Also love the part where he implies he's too smart to pass coding interviews:

> According to all the interviews I’ve failed over the years (I don’t think I’ve ever passed an actual “coding interview” anywhere?), the entire goal of tech hiring is just finding people in the 100 to 115 midwit block then outright rejecting everybody else as too much of an unknown risk.



This guy is definitely giving delulu vibes but I think there's some truth to the idea that there are inequities in the market. People who work at FAANGs will often make more money and do less work than the foreign contractors in places like Poland and Ukraine getting paid $35k a year for the same work. It's worth talking about because I honestly don't understand why bay area engineers are paid 3 times as much as their European counterparts or 6 times as much as their co-workers in India.

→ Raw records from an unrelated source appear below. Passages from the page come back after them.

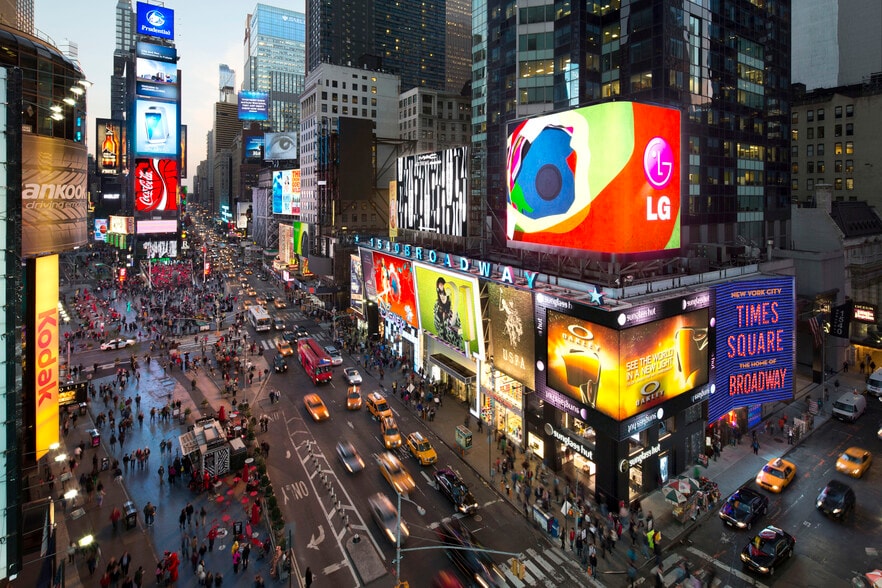 1540 Broadway, New York, NY à louer - Photo du bâtiment - Image 2 de 7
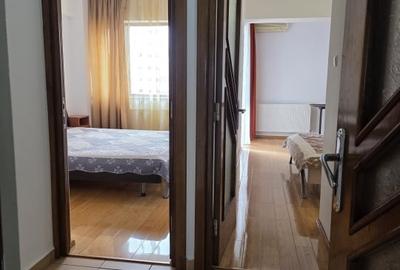 Apartament cu 3 camere decomandat, mobilat în Delfinariu - 17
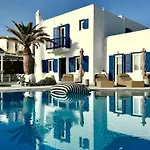 Waterfront - Stunning 6 Bedroom Annita With Pool *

Offshoring should work but it often doesn't.


I always wonder what happened to all those companies that went all in on Ukraine. I never worked for one but I heard many stories of US devs being replaced in droves by Ukraine devs.


> People who work at FAANGs will often make more money and do less work than the foreign contractors in places like Poland and Ukraine getting paid $35k a year for the same work.

The reality is, it's almost never the same work.


Not sure what this means. Obviously we're comparing apples and oranges between different projects, but it's weird to suggest that foreign contractors aren't doing the same work as domestic employees. I'm pretty sure FAANG does use foreign contractors too, so they are often doing literally the same work.


These are product-oriented tech companies, while the contracting pertains to e.g. custom software development.

What follows is that these companies have enough revenue to afford FAANG salaries. And FAANG employees in foreign countries have their salaries computed by HR spreadsheets, with the goal of making a family-oriented employee quality of life on par in every country. According to levels.fyi, in Poland Google pays $96.7k to SWE L4. Sure, those salaries were often set when the particular office location was created, and inflation happened since, unevenly. So you might find even higher reported salary from tech companies that opened their Warsaw office somewhat recent.

So, even the entry level SWE earn more than custom software contractors. Beyond that, there's more. With their skillset, 10x employees could leave and form start-ups. To prevent that, the FAANG have a career ladder that make 10x employees earn 10x more every 10 years. Provided they jump the promo hoops.

Again, the tech companies afford that, because their revenue comes from tech products

That isn't to say that as an SWE in these companies you couldn't work on a CRUD database project for some internal website. Perhaps you can get promoted doing that, even though it has more in common with custom software development.


I don't think you can get competent people in Poland for $35k. Double that, and you're getting somewhere.